Parapetado tras la legalidad, el Gobierno hizo todo lo posible, jurídica y policialmente, por impedir el simulacro de consulta, con resultado desigual, y desbaratar los planes de la Generalitatde crear una legalidad autóctona que derogaba y sustituía a la constitucional y amparaba sus iniciativas rupturistas con el Estado. La confiscación de las papeletas y material impreso y demás actuaciones policiales por desarticular logísticamente la realización del referéndum, en paralelo a la ofensiva judicial contra los responsables y colaboradores de la consulta (imputaciones a funcionarios, consejeros, alcaldes y particulares dispuestos a participar en su organización), no impidieron totalmente que ésta se celebrase en medio de una situación excepcional de mucha tensión, en la que el uso de la fuerza fue necesario para cerrar algunos locales públicos utilizados para la consulta, levantar barricadas instaladas por los simpatizantes de los independentistas (tractores, barreras humanas, etc.) y suplir la inacción de la policía autónoma, los Mossos d´Esquadra, que hizo dejación para cumplir la orden del Tribunal Superior de Justicia de Cataluña de impedir la apertura de los centros electorales.

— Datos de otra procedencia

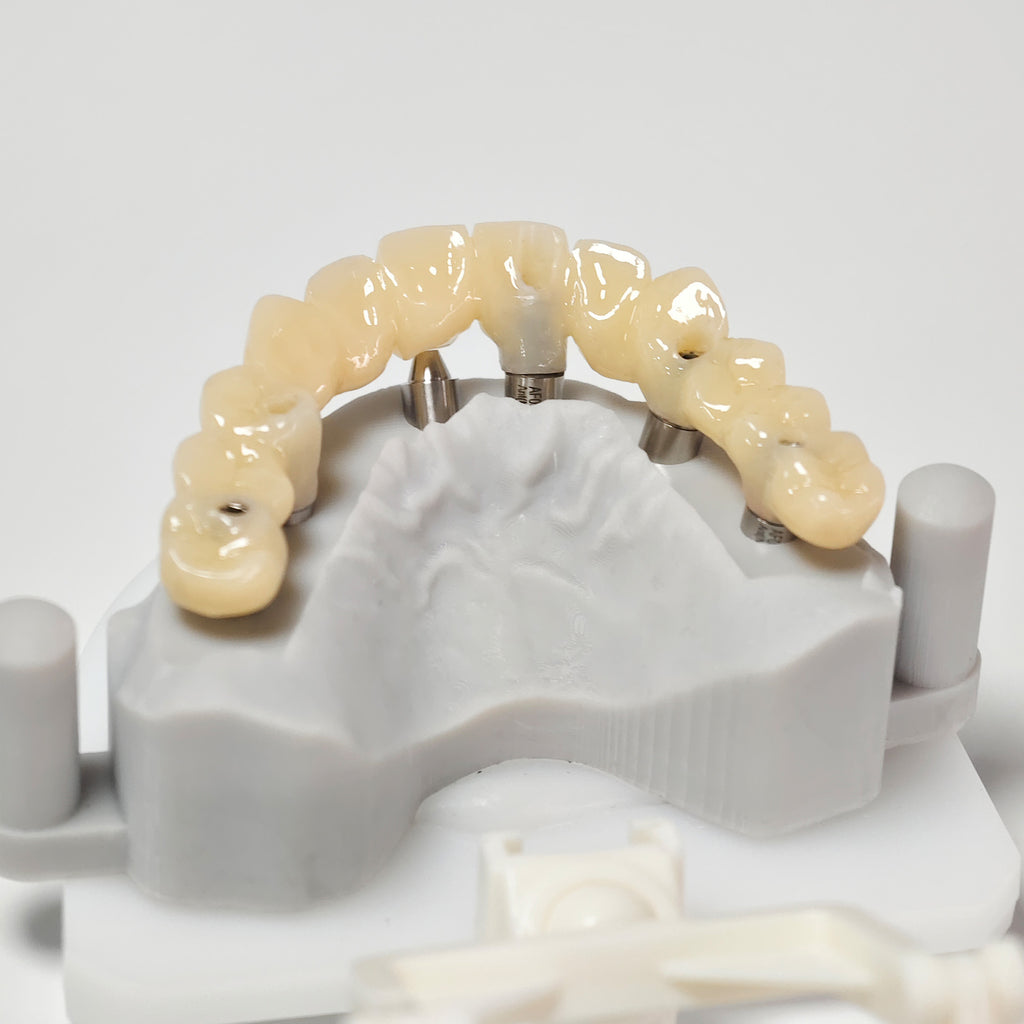 PMMA Bridge With Screw Retained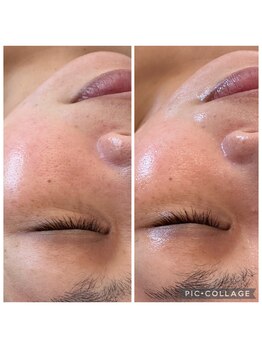 グランデ(Grande)/プラズマニアでお肌の土台作り◎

Nada más cerrarse los colegios electorales, el presidente del Gobierno, Mariano Rajoy, declaró a través de la televisión que el Estado había hecho fracasar el proceso, haciendo prevalecer la democracia y el respeto a la ley. Brindó diálogo dentro la ley y en el marco del Estado de Derecho para restablecer la normalidad institucional y la convivencia. Al poco, el presidente de la Generalitat, Carles Puigdemont, hizo lo propio para afirmar lo contrario: que el referéndum había sido un éxito, a pesar de la brutalidad policial, y que, respetando la voluntad expresada en las urnas, pondría en marcha próximamente la ley del referéndum para que el Parlament declare unilateralmente la independencia de Cataluña.
Consumado el desafío y el enfrentamiento visceral, queda la política, queda la pedagogía social y política para encauzar el conflicto por vía del diálogo y la negociación tendentes a articular una solución definitiva, que nunca satisfará por completo a las partes, al problema territorial de un país que engloba sentimientos encontrados pero también un vínculo cultural e histórico compartido. Hay que restablecer puentes basados en la confianza y la lealtad institucional, con respeto democrático a la ley y al marco de un Estado de Derecho constitucional, que den respuesta a las inquietudes de muchos catalanes, incluyendo a esa mayoría, la que ha sido ignorada hasta ayer, que no es independentista, ni violenta, ni sectaria. Probablemente, ni Rajoy ni Puigdemont podrán ser interlocutores válidos para entablar este diálogo con obligación de entendimiento y de alcanzar acuerdos, pero, si verdaderamente confían en la democracia y en las leyes como dicen, deberán dar paso a las personas capaces de restablecer la convivencia entre todos los españoles y de luchar por la libertad y el bienestar, no solo de Cataluña, sino del conjunto de la población, atendiendo a las demandas y necesidades de unos y otros.